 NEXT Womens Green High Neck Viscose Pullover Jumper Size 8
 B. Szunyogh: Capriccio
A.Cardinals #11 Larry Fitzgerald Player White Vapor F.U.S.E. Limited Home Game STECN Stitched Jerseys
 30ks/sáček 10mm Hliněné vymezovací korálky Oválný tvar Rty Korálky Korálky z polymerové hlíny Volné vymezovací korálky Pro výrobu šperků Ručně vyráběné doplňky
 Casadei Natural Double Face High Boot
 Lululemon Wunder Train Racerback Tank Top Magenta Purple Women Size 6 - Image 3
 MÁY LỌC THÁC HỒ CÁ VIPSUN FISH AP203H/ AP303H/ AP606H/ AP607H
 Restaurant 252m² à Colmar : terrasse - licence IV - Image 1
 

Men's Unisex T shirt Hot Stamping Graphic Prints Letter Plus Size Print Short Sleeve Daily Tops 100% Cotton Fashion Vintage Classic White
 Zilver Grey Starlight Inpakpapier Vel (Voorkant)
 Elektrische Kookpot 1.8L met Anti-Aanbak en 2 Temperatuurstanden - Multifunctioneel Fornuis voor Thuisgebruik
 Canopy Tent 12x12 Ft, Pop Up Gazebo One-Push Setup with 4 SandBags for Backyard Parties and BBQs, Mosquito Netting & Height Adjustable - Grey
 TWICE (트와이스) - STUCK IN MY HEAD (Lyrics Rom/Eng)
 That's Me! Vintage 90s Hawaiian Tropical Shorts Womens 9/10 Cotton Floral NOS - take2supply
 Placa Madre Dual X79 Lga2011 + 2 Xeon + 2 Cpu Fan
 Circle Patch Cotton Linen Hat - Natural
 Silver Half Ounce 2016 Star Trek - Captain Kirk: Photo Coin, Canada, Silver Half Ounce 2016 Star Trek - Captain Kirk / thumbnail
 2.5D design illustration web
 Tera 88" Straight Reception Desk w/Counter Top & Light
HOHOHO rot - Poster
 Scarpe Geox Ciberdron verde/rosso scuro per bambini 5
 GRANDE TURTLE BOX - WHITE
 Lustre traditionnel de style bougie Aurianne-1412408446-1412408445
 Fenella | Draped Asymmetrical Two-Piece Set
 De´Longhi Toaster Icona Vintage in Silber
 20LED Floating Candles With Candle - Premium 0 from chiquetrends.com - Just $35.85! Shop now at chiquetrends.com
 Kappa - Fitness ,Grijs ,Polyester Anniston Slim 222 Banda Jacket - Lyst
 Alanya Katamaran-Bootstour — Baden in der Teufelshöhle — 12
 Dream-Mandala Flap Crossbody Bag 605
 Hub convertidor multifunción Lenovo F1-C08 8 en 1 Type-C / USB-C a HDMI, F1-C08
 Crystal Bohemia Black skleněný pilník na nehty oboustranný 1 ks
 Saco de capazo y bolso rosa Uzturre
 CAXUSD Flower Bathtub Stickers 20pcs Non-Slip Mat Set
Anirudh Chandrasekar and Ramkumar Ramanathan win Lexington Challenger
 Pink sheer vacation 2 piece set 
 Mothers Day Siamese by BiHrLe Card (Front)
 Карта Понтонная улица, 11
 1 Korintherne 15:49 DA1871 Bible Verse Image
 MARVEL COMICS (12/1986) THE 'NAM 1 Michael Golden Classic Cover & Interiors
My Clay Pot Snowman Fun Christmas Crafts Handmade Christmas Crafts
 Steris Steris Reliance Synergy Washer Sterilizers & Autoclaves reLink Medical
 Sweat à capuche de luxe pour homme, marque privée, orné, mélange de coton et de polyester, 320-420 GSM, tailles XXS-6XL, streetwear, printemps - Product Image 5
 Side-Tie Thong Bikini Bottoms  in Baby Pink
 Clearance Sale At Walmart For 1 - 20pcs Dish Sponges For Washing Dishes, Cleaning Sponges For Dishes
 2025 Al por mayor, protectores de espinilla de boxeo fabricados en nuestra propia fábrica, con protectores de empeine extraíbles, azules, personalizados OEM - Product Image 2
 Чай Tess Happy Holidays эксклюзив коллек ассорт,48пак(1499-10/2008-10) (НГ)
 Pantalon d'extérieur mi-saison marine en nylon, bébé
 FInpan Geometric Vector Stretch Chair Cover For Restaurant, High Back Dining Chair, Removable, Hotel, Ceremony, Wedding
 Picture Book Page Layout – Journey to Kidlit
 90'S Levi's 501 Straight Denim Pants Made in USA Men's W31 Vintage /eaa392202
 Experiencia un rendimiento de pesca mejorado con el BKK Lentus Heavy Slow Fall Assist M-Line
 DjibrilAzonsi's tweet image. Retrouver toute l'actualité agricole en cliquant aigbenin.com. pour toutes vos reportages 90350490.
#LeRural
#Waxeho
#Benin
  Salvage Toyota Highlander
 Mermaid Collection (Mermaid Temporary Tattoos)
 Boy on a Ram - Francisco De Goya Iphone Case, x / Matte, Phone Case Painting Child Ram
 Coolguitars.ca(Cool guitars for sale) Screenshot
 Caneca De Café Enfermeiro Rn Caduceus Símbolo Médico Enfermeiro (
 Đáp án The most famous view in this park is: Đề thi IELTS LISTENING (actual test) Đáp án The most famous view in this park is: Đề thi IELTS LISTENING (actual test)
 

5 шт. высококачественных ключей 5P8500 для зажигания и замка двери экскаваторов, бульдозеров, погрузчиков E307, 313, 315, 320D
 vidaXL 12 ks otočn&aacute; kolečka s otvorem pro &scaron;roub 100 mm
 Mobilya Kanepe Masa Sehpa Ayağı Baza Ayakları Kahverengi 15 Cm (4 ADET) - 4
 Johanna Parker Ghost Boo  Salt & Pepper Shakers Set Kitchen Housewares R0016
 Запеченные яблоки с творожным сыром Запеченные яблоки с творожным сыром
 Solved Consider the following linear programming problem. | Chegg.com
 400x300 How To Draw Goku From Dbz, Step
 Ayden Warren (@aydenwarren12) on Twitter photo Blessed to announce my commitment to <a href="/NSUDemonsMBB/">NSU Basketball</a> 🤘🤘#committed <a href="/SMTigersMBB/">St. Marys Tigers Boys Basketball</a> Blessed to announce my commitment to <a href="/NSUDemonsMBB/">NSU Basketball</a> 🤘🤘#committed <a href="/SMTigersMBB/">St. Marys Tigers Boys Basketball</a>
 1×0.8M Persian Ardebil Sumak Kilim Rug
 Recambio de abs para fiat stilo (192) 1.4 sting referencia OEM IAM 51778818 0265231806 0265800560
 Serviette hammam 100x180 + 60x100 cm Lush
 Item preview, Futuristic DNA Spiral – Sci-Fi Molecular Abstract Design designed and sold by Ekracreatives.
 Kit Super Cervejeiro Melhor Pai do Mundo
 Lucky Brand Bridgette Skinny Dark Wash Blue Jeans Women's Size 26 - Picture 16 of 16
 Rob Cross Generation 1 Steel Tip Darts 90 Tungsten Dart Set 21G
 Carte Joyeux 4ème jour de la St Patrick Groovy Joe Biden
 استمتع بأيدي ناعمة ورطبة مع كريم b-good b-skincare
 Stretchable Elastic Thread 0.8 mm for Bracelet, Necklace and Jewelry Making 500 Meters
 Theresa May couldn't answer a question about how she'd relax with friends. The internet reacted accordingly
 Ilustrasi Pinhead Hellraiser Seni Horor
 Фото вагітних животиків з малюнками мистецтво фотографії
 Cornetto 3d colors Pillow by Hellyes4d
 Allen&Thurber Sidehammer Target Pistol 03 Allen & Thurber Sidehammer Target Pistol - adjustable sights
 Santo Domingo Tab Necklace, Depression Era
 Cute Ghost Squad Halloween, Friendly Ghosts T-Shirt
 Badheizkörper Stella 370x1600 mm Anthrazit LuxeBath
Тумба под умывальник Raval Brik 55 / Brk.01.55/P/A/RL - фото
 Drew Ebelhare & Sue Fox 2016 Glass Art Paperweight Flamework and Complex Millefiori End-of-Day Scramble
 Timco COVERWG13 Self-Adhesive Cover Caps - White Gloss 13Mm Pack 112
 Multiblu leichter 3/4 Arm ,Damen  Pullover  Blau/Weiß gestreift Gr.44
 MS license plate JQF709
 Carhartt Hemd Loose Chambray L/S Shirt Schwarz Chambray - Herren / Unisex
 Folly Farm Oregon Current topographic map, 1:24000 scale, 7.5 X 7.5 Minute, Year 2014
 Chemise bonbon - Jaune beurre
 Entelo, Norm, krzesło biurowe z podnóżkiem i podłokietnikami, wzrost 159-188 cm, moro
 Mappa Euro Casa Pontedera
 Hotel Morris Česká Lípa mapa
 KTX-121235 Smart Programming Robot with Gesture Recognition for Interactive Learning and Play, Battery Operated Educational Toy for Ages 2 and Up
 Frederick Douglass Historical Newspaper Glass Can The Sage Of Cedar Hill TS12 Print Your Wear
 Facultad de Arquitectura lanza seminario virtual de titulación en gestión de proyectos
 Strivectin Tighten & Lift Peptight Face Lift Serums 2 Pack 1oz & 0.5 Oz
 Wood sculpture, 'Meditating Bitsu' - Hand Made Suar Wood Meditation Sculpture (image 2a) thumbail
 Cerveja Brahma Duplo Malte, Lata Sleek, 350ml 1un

> Your goal
What you return must be the lines above that run from the line with "Cute Ghost Squad" to the line with "Frederick Douglass Historical", inclusive, each copied exactly.

> Solution for this task
 Cute Ghost Squad Halloween, Friendly Ghosts T-Shirt
 Badheizkörper Stella 370x1600 mm Anthrazit LuxeBath
Тумба под умывальник Raval Brik 55 / Brk.01.55/P/A/RL - фото
 Drew Ebelhare & Sue Fox 2016 Glass Art Paperweight Flamework and Complex Millefiori End-of-Day Scramble
 Timco COVERWG13 Self-Adhesive Cover Caps - White Gloss 13Mm Pack 112
 Multiblu leichter 3/4 Arm ,Damen  Pullover  Blau/Weiß gestreift Gr.44
 MS license plate JQF709
 Carhartt Hemd Loose Chambray L/S Shirt Schwarz Chambray - Herren / Unisex
 Folly Farm Oregon Current topographic map, 1:24000 scale, 7.5 X 7.5 Minute, Year 2014
 Chemise bonbon - Jaune beurre
 Entelo, Norm, krzesło biurowe z podnóżkiem i podłokietnikami, wzrost 159-188 cm, moro
 Mappa Euro Casa Pontedera
 Hotel Morris Česká Lípa mapa
 KTX-121235 Smart Programming Robot with Gesture Recognition for Interactive Learning and Play, Battery Operated Educational Toy for Ages 2 and Up
 Frederick Douglass Historical Newspaper Glass Can The Sage Of Cedar Hill TS12 Print Your Wear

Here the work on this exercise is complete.